– Доведи ты меня.
А уже глаза послипались землёй и кровью, а я не вижу ничего, так позамазывала уже, как разгребала землю… Он меня перевёл через улицу: там ровок есть, дак промыть хоть глаза, чтоб видела, куда идти. Вот я промыла эти глаза уже, промыла, а всё в крови, вся одежа на мне в крови. Он меня довёл к тому ровку… Дак уже ж утекают люди. Бежит Волька Удовинева, что ходила, всё партизанам из Минска доставляла… С сестрою своей Маней. Дак они:
– Тётечка, милая!..
Дак я говорю, что нас из семьи только двое осталось, да и то раненый Жорж.
– Перевяжите его.
А чем же я, когда у меня всё в крови. И говорят они – тётя, утекайте, потому что в Прусках[75], говорили, у Свентоховского, что будут опять приезжать!
А тут стоит из Прусок дядька, родственник наш, – прибежали уже меня глядеть… А невестку мою уже свиньи едят, обгрызли… А моя одна родственница говорит:
– Пойдём, перенесём её куда-нибудь в яму…»
Мария Нагорная.
«…Дождались мы утра. Стало виднеть. Люди все потихоньку, потихоньку собираются на край и выходят из лесу. Утром их, немцев, не стало. Выехали. Набрали, что им надо, скотину и где какое добро у людей, и уехали.
Выходим мы на выгон, а тут и партизаны явились. Двое. Видать, в разведку. На конях… А ещё не знают всей трагедии, что всех это людей побили.
Теперь уже кинулись все в село, на свои участки – кто где есть живой или нема. Помню, что идём и встречаем своего племянника, внука материна. Бежит он. Оказывается, побыл уже на своём участке. Плачет… (Плачет.) Побежали мы туда. Правда, лежит на улице… Обгоревшая такая… Люди обгорелые такие, страшные! Нельзя рассказать, не видевши…
Ну, и всё. Осталось в селе четыре хаты. И два-три гумна, може, не больше.
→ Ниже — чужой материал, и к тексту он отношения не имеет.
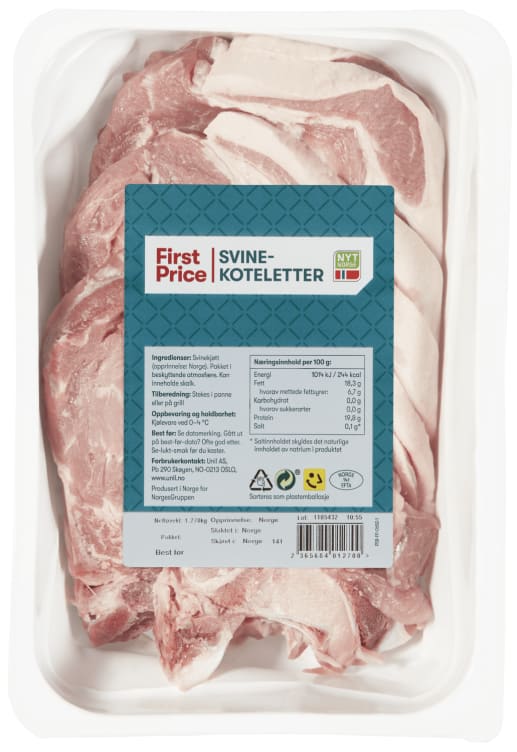 Svinekoteletter Ca1,3kg First Price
Партизаны – когда появились – сказали, что опасно тут, надо и остальным прятаться. Так оно и получилось, мы ушли. Ни коней, ни коров. Пешком пошли мы до Рудного, через речку…
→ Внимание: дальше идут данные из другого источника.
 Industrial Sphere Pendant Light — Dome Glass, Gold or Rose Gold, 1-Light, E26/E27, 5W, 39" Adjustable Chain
Была у нас такая женщина, Нюша Сологубова. Молодая, одна, мать-одиночка, с девочкой маленькой. Она была ещё живая. И вот рассказывают, что каким-то чудом остался один клуб. Хата просто была такая. Нюша была раненая, просила очень пить, дак кто-то из людей занесли её в этот клуб. Ведь не думали, что немцы приедут снова допаливать. И вот они приехали. И дитятко было тоже живое. Кинули это дитя в колодезь… А её самую кололи – страшно! И зажгли уже хату…
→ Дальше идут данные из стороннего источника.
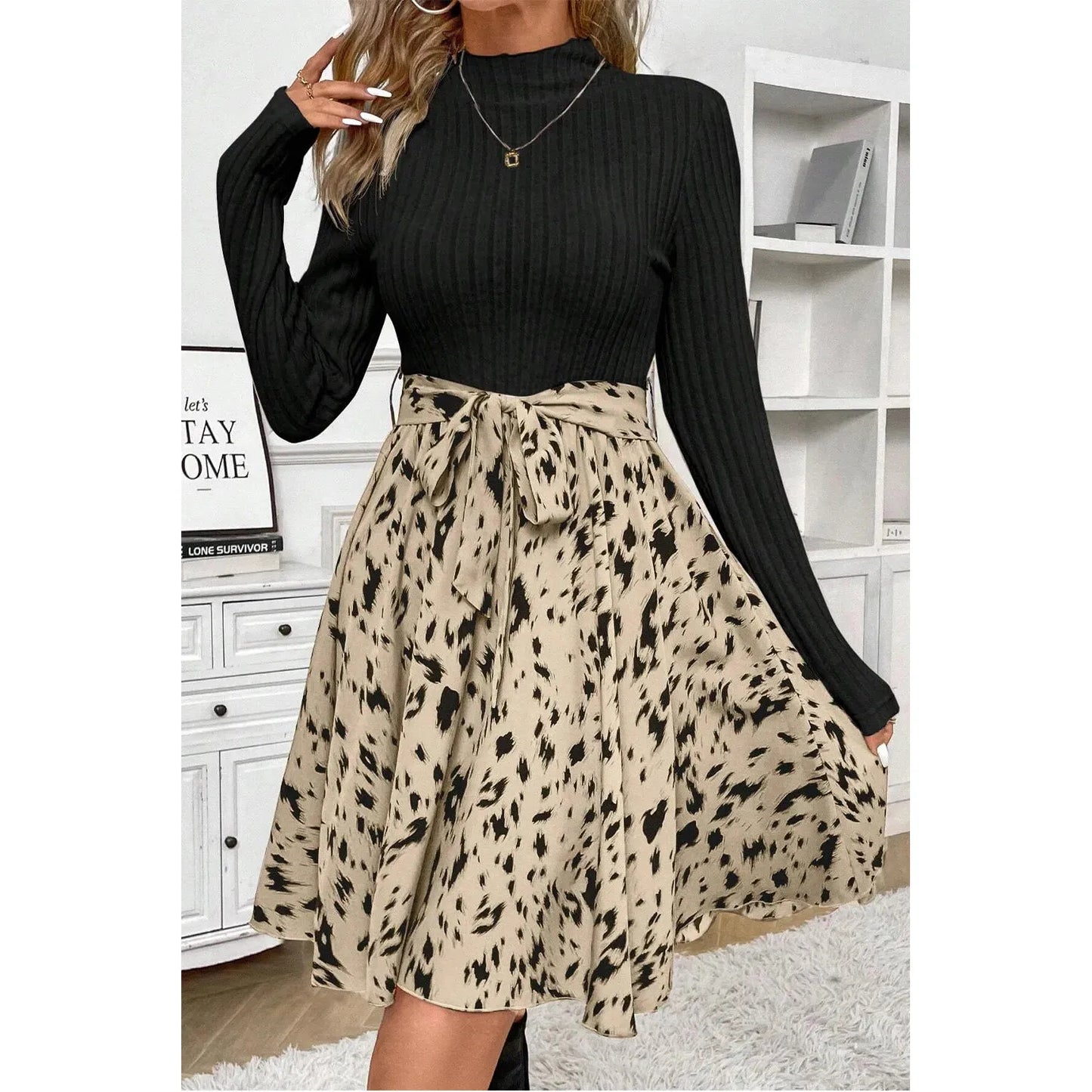 Tied Printed Mock Neck Long Sleeve Dress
А мы в Рудном поле, под стогом живём. А потом мама говорит, что надо как-то в Прусы добираться – там же люди валяются. И дочка её.
– Пойду я, – говорит.
А отец… Такое нервное потрясение у него, лежит, трясётся. Больной. А мать пошла в Прусы, и с нею пошла ещё племянница, моя двоюродная сестра. Чтоб уже смелей. Она из другого села, из Огородников. Приходят они туда, а немцы снова приехали, побыли в воскресенье, а теперь и во вторник приехали. Всё вывозили, что могли вывезти. Немцы снова! И им некуда деваться, они кинулись к лесу, добежали под гору, а там люпин, чья-то полоска. Тогда ж полоски были, подавали полоски людям всем. Дак они в тот люпин и спрятались. А под вечер немцы уехали.